→ **What to produce**: What lines of the data below hold the string "brick"? Copy each one out.

→ **Task input**:
* * * * * * * * *

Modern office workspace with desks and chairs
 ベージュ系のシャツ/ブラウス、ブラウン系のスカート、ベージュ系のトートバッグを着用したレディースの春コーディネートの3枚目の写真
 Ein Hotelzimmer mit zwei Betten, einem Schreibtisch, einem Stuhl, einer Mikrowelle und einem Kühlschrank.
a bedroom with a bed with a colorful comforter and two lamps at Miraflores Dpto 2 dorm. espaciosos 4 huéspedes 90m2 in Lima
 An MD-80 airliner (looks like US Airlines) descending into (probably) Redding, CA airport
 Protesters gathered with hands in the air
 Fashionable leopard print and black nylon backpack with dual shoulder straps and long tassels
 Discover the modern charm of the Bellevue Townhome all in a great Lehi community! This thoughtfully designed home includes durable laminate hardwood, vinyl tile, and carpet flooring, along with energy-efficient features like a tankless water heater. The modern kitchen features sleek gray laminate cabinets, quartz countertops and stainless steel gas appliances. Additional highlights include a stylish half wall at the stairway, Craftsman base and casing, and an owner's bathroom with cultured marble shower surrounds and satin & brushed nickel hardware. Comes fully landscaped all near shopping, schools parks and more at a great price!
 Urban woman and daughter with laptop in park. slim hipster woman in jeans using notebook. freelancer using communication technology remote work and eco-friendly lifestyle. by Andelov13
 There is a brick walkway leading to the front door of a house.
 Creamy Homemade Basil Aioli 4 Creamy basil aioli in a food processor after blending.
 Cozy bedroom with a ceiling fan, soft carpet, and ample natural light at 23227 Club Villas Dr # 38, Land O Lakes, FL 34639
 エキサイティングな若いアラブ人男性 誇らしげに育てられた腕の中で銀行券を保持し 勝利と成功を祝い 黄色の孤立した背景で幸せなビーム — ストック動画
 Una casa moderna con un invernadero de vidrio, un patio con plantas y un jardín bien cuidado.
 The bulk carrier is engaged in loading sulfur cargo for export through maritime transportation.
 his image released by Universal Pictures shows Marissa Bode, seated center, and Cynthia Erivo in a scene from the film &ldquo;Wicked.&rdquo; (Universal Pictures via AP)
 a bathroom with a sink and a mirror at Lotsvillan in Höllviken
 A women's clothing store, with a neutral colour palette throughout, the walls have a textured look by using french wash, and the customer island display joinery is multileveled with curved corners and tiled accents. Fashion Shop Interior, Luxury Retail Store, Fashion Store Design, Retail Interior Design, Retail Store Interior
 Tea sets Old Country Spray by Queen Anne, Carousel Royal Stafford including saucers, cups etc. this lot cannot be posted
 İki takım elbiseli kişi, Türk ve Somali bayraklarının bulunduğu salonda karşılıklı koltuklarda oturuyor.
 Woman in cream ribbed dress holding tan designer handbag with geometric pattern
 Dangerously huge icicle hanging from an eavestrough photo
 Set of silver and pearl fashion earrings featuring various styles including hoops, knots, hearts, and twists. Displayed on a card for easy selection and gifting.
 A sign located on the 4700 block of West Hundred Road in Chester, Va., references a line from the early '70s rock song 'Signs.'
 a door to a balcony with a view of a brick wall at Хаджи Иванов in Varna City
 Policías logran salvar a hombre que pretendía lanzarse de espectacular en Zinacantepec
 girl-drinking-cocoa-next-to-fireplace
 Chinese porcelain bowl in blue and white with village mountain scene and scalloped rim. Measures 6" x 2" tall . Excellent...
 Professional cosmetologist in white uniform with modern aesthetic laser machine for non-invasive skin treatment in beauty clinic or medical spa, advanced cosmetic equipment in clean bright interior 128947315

* * * * * * * * *

→ **Task answer**:
 There is a brick walkway leading to the front door of a house.
 a door to a balcony with a view of a brick wall at Хаджи Иванов in Varna City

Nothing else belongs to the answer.